At Aristeen president Tracey Birkenhauer’s suggestion, Livonia, Mich. launched the Simple Recycling curbside textile recycling program on Dec. 9, 2019. This free service diverts clothing and a variety of household items from landfills.
The U.S. Environmental Protection Agency estimates 11.2 million tons of textiles went to landfills in 2017 — 8% of all landfilled municipal solid waste. The recycling rate for all textiles was 15.2% in 2017, with 2.6 million tons recycled.
Americans throw away roughly 80 pounds of clothing per person per year. Simple Recycling aims to reduce that number dramatically.
Simple Recycling is an Ohio-based, for-profit company that has a long list of Michigan clients, including Westland, Canton and Novi.
How it works
Simple Recycling partners with municipalities to offer curbside recycling in addition to the recycling programs already offered. Simple Recycling collects many items that most curbside recyclers do not, including textiles of any kind, hairdryers, pots and pans, small appliances, and dishes.
There is no cost to the homeowner or the municipality. In fact, the municipality gets a small financial incentive — usually a few hundred dollars.

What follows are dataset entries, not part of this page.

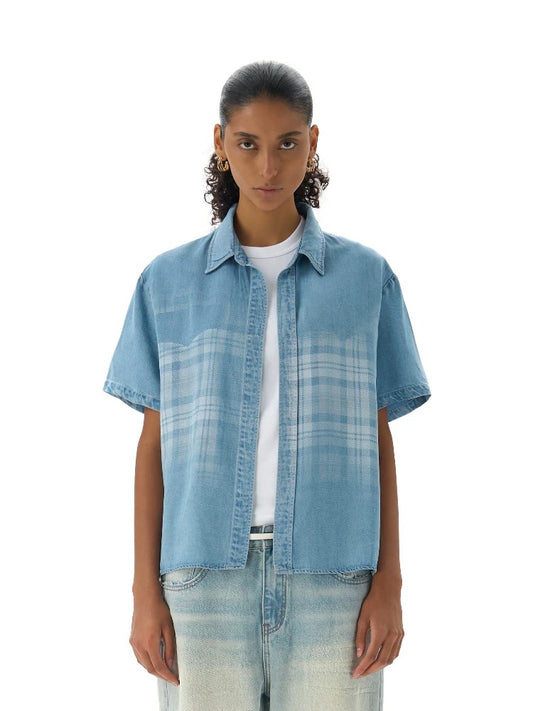 « Pattern » Washed Blue Denim Shirt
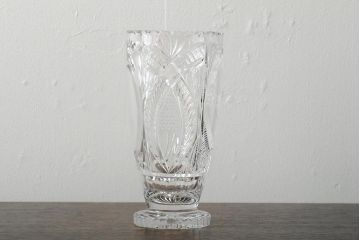 アンティーク雑貨　クリスタル　裸婦花瓶(ボヘミアガラス、花器、フラワーベース)(R-043521)
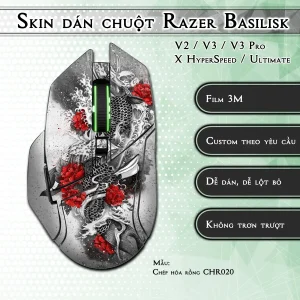 Skin dán chuột Razer Basilisk mẫu Chép hóa rồng CHR020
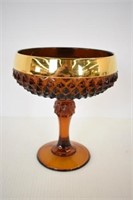 AMBER DEPRESSION GLASS COMPOTE - 7.5" TALL
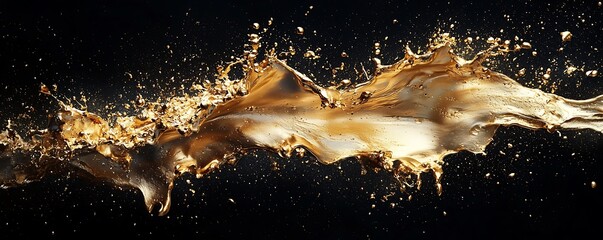 Wall Mural - a cut-out of a golden oil splash, frozen mid-motion for a luxurious, high-end effect.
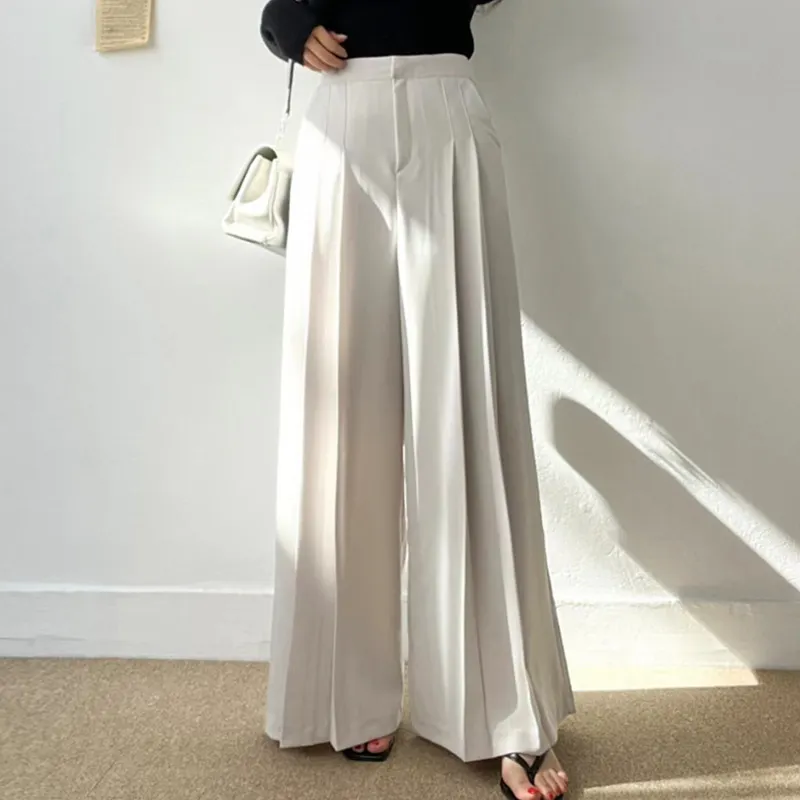Churchf Churchf Korean Chic Summer New Temperament High Waist Versatile Pressure Fold Design Loose Hanging Feeling Drag The Floor Wide Leg Suit Pants Woman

Before the service begins, Simple Recycling sends residents information packets, bags, and tags for larger items. On garbage day, a Simple Recycling box truck collects the bags and tagged items. They leave a replacement bag for each bag used.
Simple Recycling partners with the Value World thrift store chain. When a truck finishes its route, they unload and weigh collected materials at a Value World store. A team of Value World employees sort the materials. Any premium items are priced and placed on the selling floor. Everything else gets bailed and loaded back on the truck, headed for a facility in Westland.
From there, the items go to a recycling facility in Ontario where they are separated again. Clothing that is tattered but wearable goes to Third World countries. Textiles in serious disrepair, such as ripped towels and destroyed clothing, are recycled into a variety of items, such as shining rags and backing for car seats.
“Pretty much everything we pick up does not go to the landfill,” said Bill Wilk, regional manager of Simple Recycling. “Over 85 percent of used textiles still go into landfills and we are trying to reduce that number.”
Unpaid, enthusiastic proponent
An unpaid and enthusiastic proponent of the program, Tracey first informed Livonia City Council member Scott Bahr of Simple Recycling on March 30, 2018. She did this following a meeting with former Republican state Sen. Patrick Colbeck, who said Scott Bahr would be the most receptive Livonia council member.
A recovering journalist, Tracey had done her homework. She knew one of the biggest barriers to Simple Recycling adoption was the perception that this for-profit company steals resources from trusted charities like Goodwill and the Salvation Army. Foreseeing this potential barrier to entry, Tracey interviewed charity directors and recycling program managers from communities that offer Simple Recycling before sending the proposal to Livonia.
Not one charity she contacted said donations had gone down after Simple Recycling launched. In fact, every nonprofit director said they embraced Simple Recycling as a benefit to their community. And every municipal recycling manager said their community had saved money on landfill tipping fees by diverting thousands of tons of waste from landfills. They agreed implementation and long-term program management were both relatively seamless.
“I think Simple Recycling would be great for Livonia and its residents,” Tracey wrote to Councilman Bahr. “It reduces tipping fees for Livonia, the city gets a stipend for participating and it reduces the amount of waste that Livonia sends to the landfill — likely thousands of pounds per year. Oakland County diverted 234,000 pounds of waste in 2016.
“Are you willing to consider implementing the Simple Recycling program? I can arrange a meeting with them to get the conversation started.”March 30, 2018 email
Tracey sent this recycling proposal while president of The Conservancy Initiative, a nonprofit environmental charity. She stepped down from the nonprofit she founded to launch Aristeen, a Livonia-based digital content company. At Aristeen, Tracey uses tools, strategies, and tactics similar to what she employed to stop a massive landfill expansion in the heart of a residential area.